WORK TO BE COMPLETED - Lines from the one with "Charge air hose, Image 3" up to and including the one with "2026 Subaru FORESTER Sport Hybrid" are to be copied exactly from the records below, without their pictures.

*** SOURCE MATERIAL

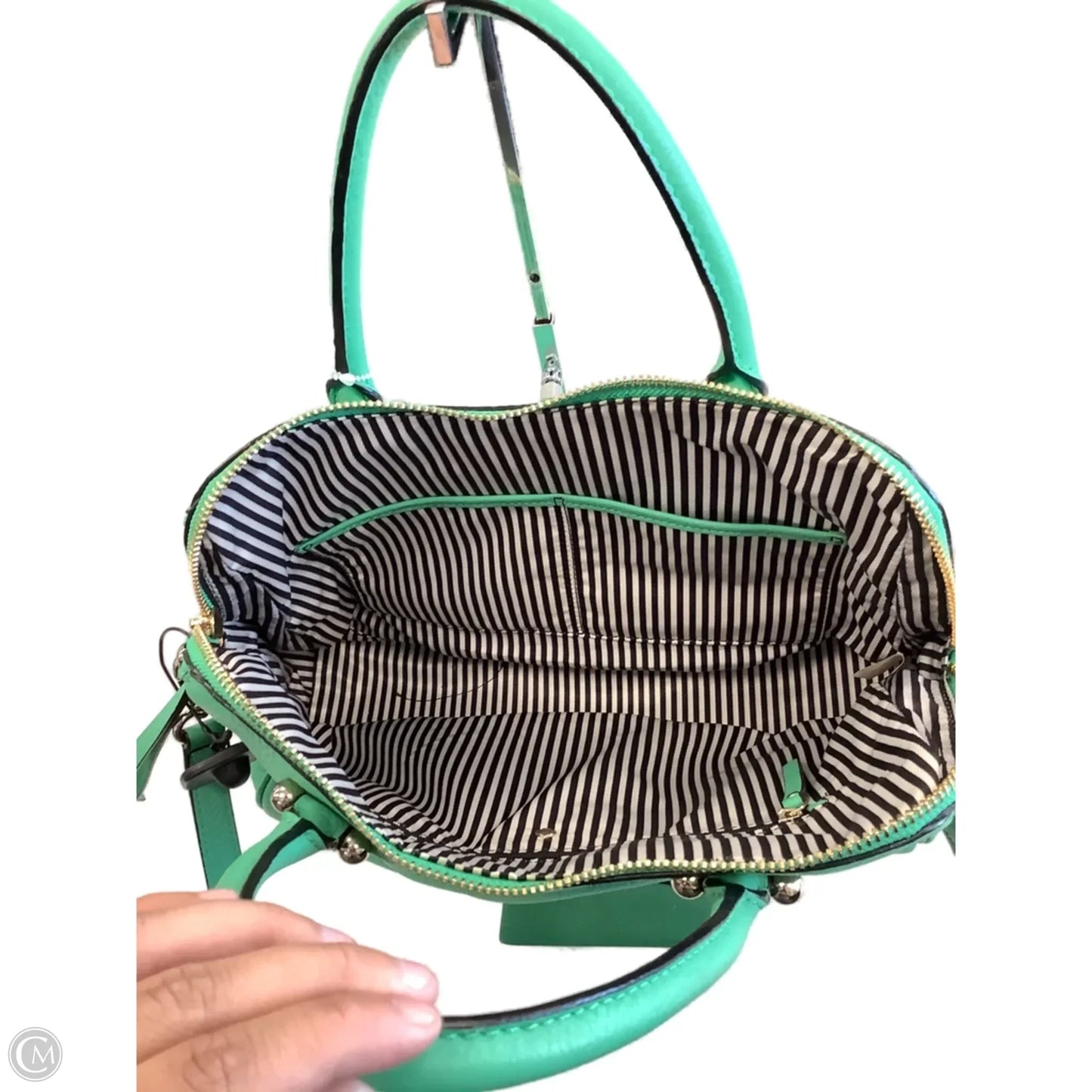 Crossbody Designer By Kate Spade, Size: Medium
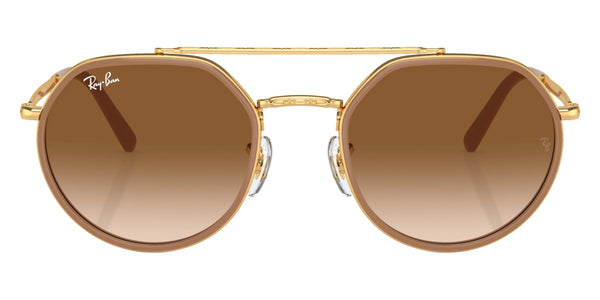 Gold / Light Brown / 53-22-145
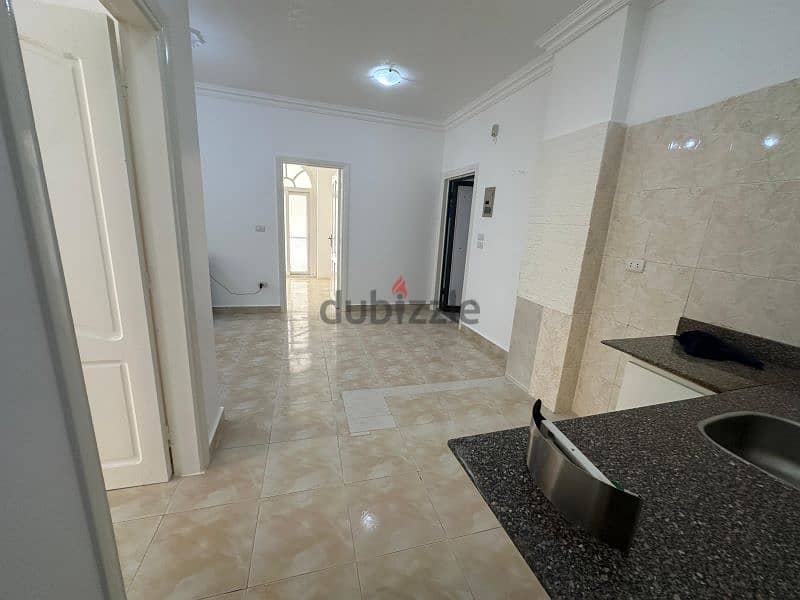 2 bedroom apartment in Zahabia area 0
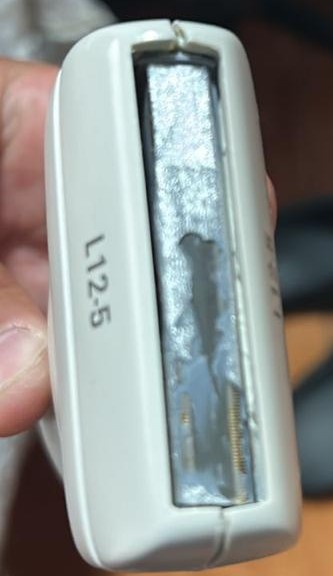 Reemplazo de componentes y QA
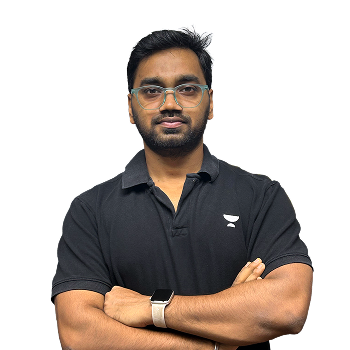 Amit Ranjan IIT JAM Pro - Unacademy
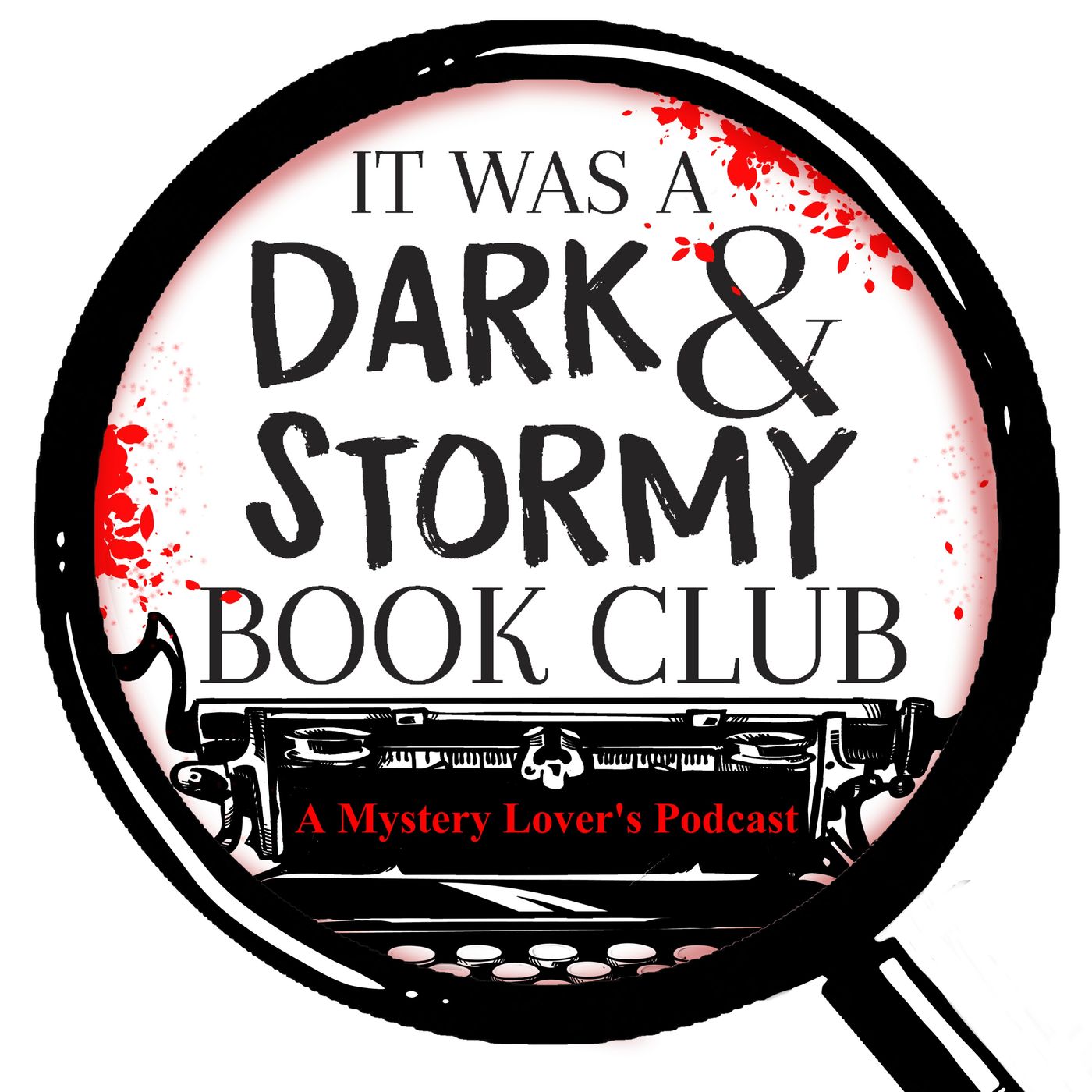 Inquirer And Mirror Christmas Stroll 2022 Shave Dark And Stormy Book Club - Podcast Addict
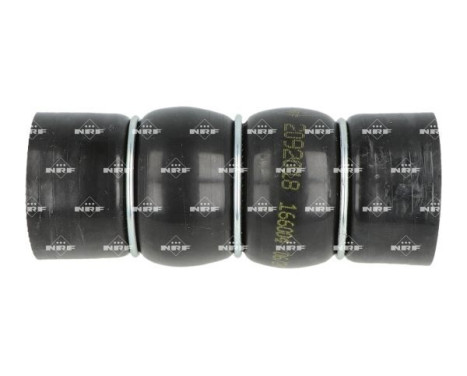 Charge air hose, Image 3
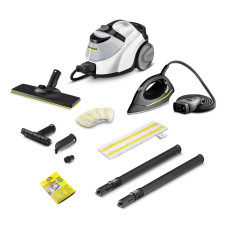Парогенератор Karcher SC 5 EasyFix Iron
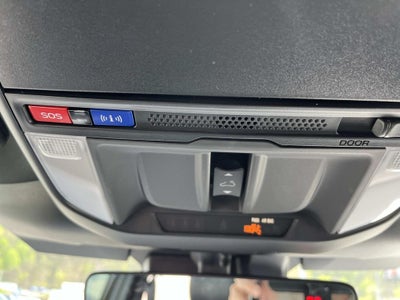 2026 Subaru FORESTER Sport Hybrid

******
*** SOURCE MATERIAL

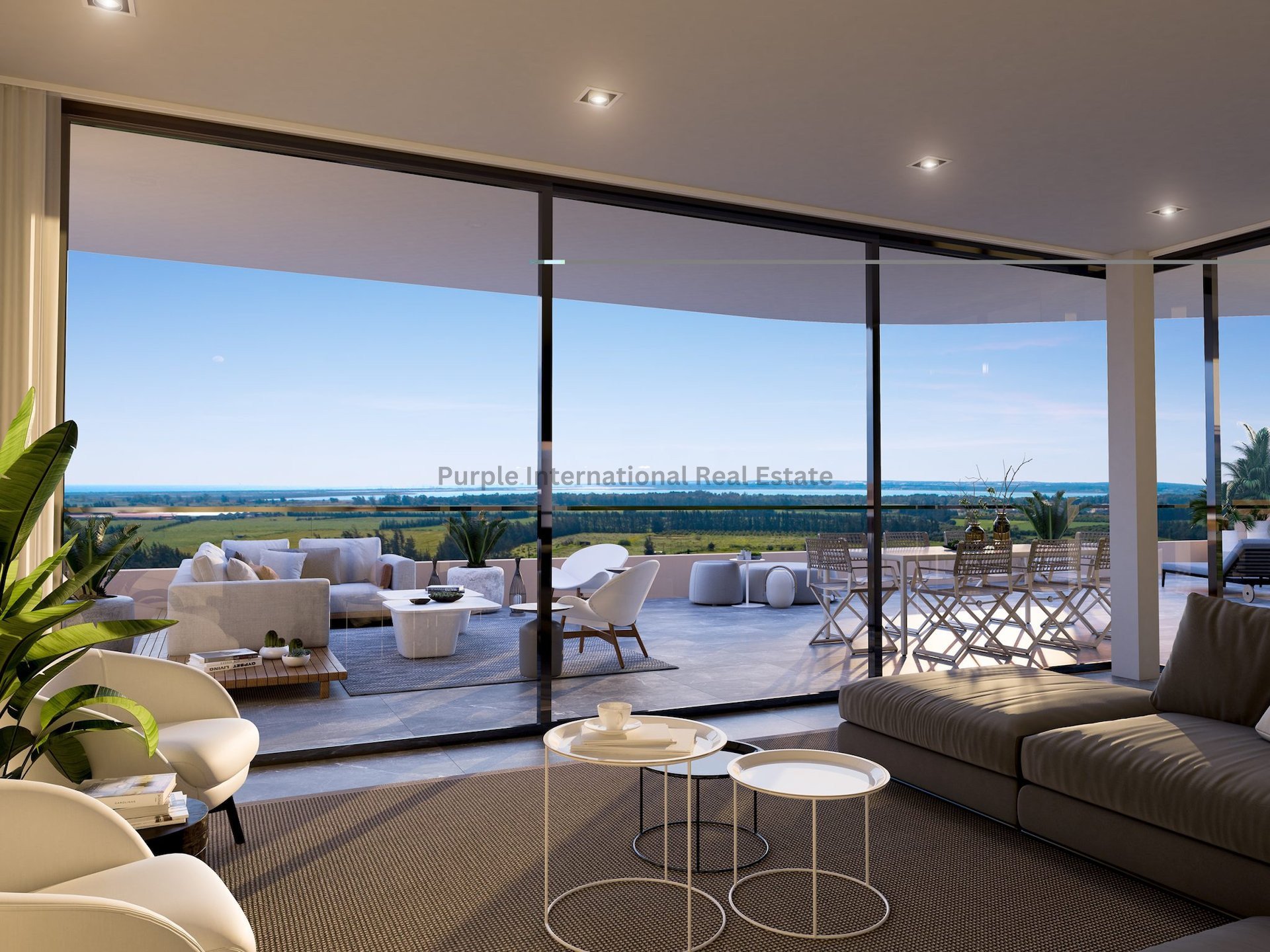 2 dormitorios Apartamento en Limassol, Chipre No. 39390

******

ANSWER SPACE -
 Charge air hose, Image 3
Парогенератор Karcher SC 5 EasyFix Iron
 2026 Subaru FORESTER Sport Hybrid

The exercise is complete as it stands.